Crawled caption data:
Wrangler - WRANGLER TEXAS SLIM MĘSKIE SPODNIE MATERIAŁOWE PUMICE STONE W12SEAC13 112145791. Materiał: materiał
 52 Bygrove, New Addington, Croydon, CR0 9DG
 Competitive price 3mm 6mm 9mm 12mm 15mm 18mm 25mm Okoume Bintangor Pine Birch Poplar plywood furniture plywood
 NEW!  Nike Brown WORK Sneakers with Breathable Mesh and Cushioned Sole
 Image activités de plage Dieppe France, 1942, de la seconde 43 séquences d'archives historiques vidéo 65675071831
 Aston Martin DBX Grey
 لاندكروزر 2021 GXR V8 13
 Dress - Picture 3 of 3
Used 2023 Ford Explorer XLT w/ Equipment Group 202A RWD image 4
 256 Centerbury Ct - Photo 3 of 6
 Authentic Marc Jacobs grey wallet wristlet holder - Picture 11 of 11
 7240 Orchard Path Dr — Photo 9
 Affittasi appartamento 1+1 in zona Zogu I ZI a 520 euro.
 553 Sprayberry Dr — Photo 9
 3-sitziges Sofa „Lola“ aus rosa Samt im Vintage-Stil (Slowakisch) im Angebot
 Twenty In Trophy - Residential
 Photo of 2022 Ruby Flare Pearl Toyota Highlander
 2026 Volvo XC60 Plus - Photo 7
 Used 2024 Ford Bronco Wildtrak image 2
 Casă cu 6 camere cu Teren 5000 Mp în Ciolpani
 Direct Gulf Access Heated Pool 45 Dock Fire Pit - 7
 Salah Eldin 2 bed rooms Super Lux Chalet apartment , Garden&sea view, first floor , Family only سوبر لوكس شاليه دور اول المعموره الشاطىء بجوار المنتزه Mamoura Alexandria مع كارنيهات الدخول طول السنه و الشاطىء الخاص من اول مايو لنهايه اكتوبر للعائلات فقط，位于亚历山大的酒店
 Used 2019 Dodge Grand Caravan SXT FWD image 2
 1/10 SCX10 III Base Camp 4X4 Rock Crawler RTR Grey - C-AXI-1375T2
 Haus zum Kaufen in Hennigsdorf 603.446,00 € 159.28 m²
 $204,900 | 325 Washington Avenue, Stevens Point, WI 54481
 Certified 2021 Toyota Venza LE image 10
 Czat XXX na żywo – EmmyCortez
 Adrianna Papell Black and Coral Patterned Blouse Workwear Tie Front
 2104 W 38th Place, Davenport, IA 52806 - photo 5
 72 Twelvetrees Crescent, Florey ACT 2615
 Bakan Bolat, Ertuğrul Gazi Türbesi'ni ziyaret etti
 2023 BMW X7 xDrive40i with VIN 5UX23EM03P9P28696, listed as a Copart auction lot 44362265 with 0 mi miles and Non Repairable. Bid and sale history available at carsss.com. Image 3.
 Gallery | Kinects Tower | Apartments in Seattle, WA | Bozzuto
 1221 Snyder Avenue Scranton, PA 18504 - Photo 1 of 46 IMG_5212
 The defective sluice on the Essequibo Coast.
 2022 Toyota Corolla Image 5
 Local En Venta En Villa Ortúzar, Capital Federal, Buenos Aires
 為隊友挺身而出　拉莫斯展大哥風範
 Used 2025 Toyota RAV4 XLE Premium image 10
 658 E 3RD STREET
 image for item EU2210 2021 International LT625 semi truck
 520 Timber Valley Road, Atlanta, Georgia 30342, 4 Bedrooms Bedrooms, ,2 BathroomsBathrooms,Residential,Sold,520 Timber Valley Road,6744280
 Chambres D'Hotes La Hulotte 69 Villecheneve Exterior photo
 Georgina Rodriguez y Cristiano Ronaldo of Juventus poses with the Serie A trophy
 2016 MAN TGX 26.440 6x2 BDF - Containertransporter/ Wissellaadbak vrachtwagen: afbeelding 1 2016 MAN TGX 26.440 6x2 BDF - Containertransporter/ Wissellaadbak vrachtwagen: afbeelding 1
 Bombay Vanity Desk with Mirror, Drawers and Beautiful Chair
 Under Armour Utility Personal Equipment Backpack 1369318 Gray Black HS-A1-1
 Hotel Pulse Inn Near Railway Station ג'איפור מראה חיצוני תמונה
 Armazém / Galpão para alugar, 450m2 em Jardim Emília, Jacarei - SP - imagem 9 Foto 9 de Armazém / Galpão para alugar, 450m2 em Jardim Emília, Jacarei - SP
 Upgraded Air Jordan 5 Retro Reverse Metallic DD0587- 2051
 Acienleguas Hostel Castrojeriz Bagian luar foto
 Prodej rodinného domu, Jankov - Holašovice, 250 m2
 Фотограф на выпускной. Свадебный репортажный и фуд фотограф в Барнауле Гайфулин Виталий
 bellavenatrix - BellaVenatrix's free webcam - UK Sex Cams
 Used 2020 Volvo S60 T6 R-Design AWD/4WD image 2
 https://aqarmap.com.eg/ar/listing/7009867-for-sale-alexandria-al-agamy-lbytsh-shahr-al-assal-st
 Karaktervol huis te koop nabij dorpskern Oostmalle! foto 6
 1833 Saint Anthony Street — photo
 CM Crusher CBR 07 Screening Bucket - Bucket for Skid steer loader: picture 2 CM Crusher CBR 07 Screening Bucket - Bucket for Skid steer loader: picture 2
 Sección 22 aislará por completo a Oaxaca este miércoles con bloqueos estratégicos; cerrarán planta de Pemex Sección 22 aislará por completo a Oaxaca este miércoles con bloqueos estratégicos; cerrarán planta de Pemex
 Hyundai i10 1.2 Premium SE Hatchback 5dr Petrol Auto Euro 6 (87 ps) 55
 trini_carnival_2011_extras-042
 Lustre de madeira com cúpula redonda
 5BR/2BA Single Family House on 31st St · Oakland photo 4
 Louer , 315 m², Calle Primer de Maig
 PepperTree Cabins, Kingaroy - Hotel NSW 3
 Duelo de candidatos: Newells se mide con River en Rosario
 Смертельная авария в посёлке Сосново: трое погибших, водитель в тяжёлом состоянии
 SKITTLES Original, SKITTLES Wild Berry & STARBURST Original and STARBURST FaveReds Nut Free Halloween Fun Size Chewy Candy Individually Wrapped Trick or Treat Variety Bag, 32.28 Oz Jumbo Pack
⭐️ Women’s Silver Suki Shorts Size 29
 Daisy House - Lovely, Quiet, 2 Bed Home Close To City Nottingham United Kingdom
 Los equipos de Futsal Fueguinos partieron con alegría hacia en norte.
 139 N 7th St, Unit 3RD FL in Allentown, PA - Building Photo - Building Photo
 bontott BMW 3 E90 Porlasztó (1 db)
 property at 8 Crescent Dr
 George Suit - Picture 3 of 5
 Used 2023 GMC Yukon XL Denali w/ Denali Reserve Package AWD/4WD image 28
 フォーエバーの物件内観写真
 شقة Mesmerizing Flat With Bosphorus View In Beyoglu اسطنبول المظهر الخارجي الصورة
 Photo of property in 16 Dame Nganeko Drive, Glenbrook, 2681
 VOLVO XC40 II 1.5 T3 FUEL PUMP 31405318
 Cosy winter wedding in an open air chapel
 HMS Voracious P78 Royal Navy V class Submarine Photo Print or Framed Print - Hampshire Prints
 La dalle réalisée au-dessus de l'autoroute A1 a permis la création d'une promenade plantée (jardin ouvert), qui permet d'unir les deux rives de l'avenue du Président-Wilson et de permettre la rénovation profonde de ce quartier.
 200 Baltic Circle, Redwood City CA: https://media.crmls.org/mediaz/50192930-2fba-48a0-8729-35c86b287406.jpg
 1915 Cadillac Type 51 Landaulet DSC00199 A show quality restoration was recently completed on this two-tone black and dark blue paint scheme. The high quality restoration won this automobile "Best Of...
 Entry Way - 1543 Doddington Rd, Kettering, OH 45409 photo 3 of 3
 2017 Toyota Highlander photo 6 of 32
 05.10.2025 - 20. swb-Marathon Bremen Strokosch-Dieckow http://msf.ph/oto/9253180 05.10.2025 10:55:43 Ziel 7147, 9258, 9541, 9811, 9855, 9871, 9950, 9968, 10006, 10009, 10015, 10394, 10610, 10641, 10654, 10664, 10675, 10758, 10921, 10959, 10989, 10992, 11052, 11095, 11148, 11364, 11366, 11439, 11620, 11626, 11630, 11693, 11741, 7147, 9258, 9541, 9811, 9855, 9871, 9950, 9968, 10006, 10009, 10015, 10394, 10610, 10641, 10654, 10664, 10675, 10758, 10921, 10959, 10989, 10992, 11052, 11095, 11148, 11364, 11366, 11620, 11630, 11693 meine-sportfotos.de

Task objective:
Where the string "Hotel" occurs in the data, return the whole line.

Response:
 Hotel Pulse Inn Near Railway Station ג'איפור מראה חיצוני תמונה
 PepperTree Cabins, Kingaroy - Hotel NSW 3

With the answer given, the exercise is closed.